Urbi @ Orbi - A Bíblia reconhece um desafiador de Deus junto do Homem.
Será uma expressão para afirmar a supremacia de Deus, frente à
realidade do mal?
Vasco Pinto de Magalhães - Bem, não creio que a intenção
seja essa. É uma consciência de uma cultura que se sente frequentemente
ultrapassada e desafiada e a pôr em causa não só o seu próprio
caminho e as suas convicções, como a própria ideia de Deus.
Mas não é Deus que impõe nem que pede, porque isso já
é um Deus demasiado terreno. Repare, a concepção bíblica
de Deus do Antigo Testamento não é a do Novo Testamento, nem sequer
é aquela que hoje já é mais trabalhada. Tudo depende da noção
e da imagem que nós temos de Deus. Jesus Cristo vem-nos revelar um rosto
novo de Deus e Ele não precisa de ninguém para se confrontar, não
precisa de uma outra presença, mas de alertar as pessoas para aquilo que
Ele chamou mundo, e os poderes do mundo estruturado ou não, ou mais individuais
ou mais colectivos, portanto, é o próprio Homem que se pode organizar
de uma forma fechada e auto-suficiente. Neste sentido, o Homem fechado em si próprio
opõe-se a um caminho de libertação e com o perigo de ser
exactamente o contrário.
U@O - Este fechamento do homem, não o coloca numa situação
de vulnerabilidade, transformando-o num ser egoísta e maligno?
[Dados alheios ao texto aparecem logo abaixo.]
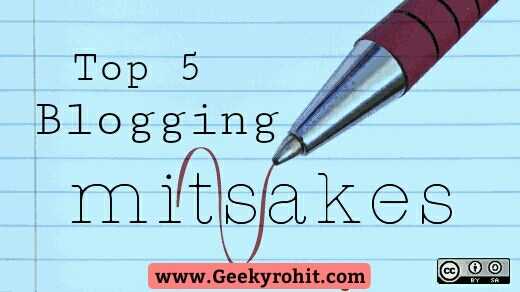 Top 5 Blogging Mistakes By Every New Indian Bloggers In Hindi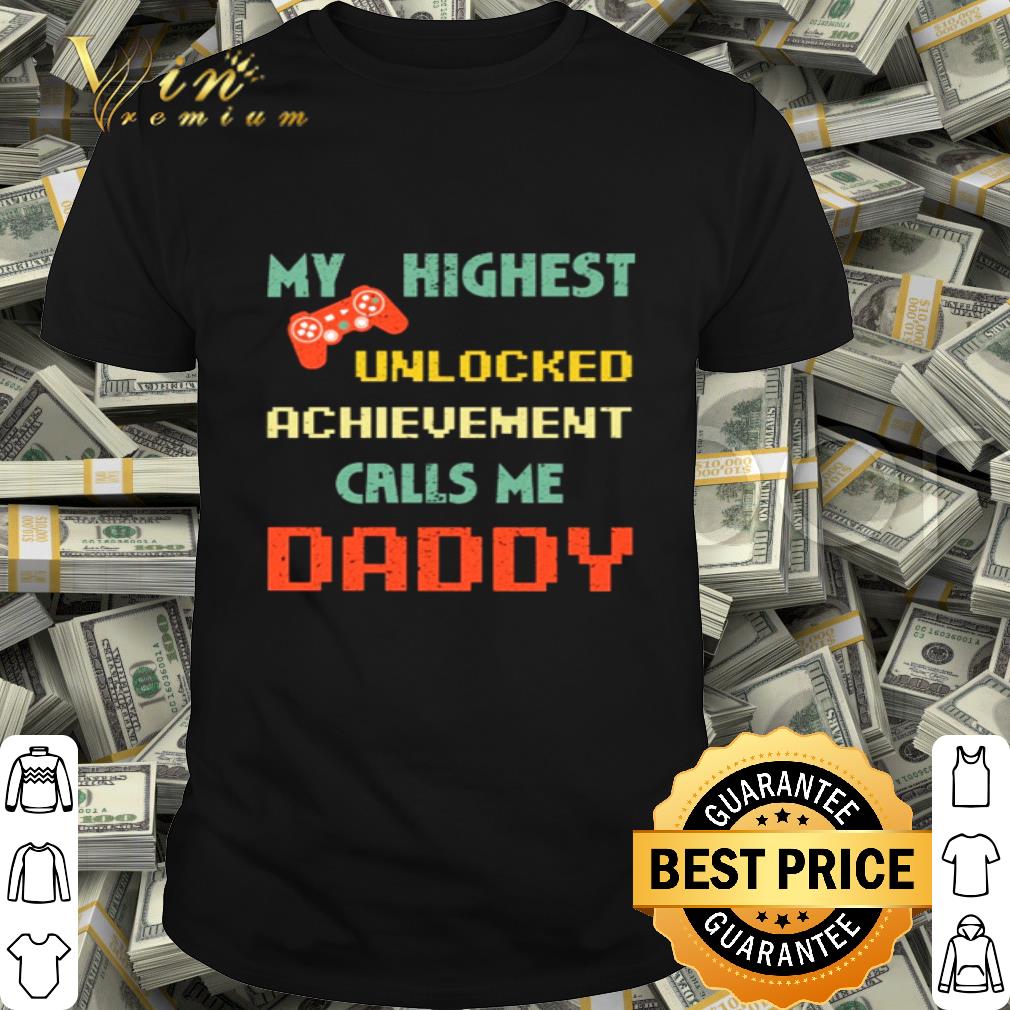 My highest unlocked achievement calls me Daddy father's day shirt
VPM - Creio que não. O Ser vulnerável não é
o Ser maligno. O Homem torna-se maligno, na medida em que usa mal a sua liberdade
e endeusa a realidade sem a substituição de um Deus de amor, quando
põe a sua confiança, por exemplo, no bem estar e no dinheiro. O
que é importante ao serviço da humanidade não pode ser o
trono donde eu espero a felicidade. Não é o Homem que na sua fragilidade
se opõe a Deus, porque a fragilidade pode ser até uma ocasião
de sentir a Deus. É, quando não sabendo encontrar o caminho por
aí, na tentação do orgulho constrói realidades, Torres
de Babel, estruturas ou comunidades que se pensem auto-suficientes, então,
é o Homem no seu engano de auto-suficiência que se opõe a
Deus, não é o homem na sua fragilidade.
U@O - Não será esta fragilidade o caminho propício para
a manipulação do Homem?
VPM - É verdade que todos os poderes, se apanham um homem mal formado,
com pouca consciência crítica, vão usá-lo e manipulá-lo.
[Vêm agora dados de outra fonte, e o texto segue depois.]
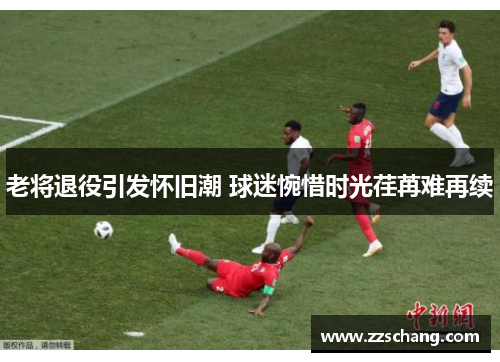 老将退役引发怀旧潮 球迷惋惜时光荏苒难再续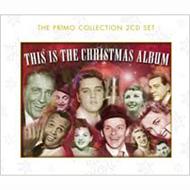 Various/This Is The Christmas Album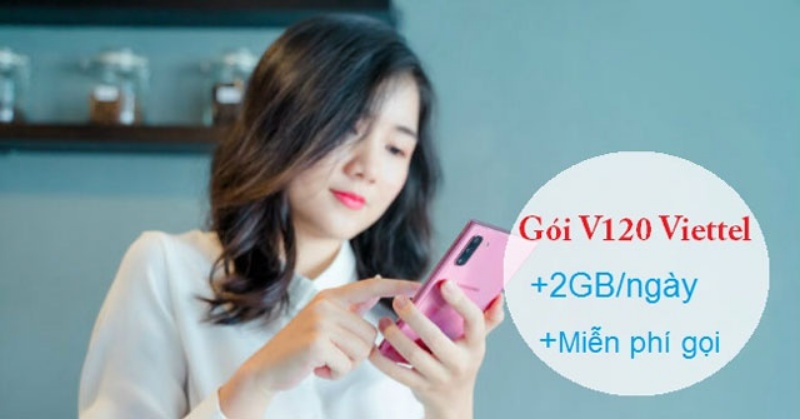 Hướng dẫn đăng ký gói V120 Viettel có 2Gb 1 Ngày, Free Gọi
Vemos como a política, por exemplo, mal usada é Satanás,
porque é uma estrutura muitas vezes anónima, mas com algum rosto
pessoal que me pode manipular. Na minha fragilidade de segurança podem-me
começar a oferecer dinheiro, por um lado benesse, e por outro lado para
fazer de mim um escravo. Orwell explica isso muito bem, nesta coisa que hoje damos
uma volta esquisita, com este Big Brother. Desde 1984, explica isso: como é
que um poder que até parece estar ao serviço dos outros, porque
dá bem estar e dinheiro a toda gente e justiça, faz do Homem um
escravo do poder. Todos os grandes ditadores quiseram ter o homem como um carneirinho,
à sua disposição, desde que renunciasse a pensar. Ora, isto
é maior das manipulações, o Diabo é isto, é
uma figura mítica, é uma estrutura que parece boa e que até
resolve imediatamente os problemas, mas com o preço de diminuir o Homem.
"Deus organiza o Caos em Cosmos"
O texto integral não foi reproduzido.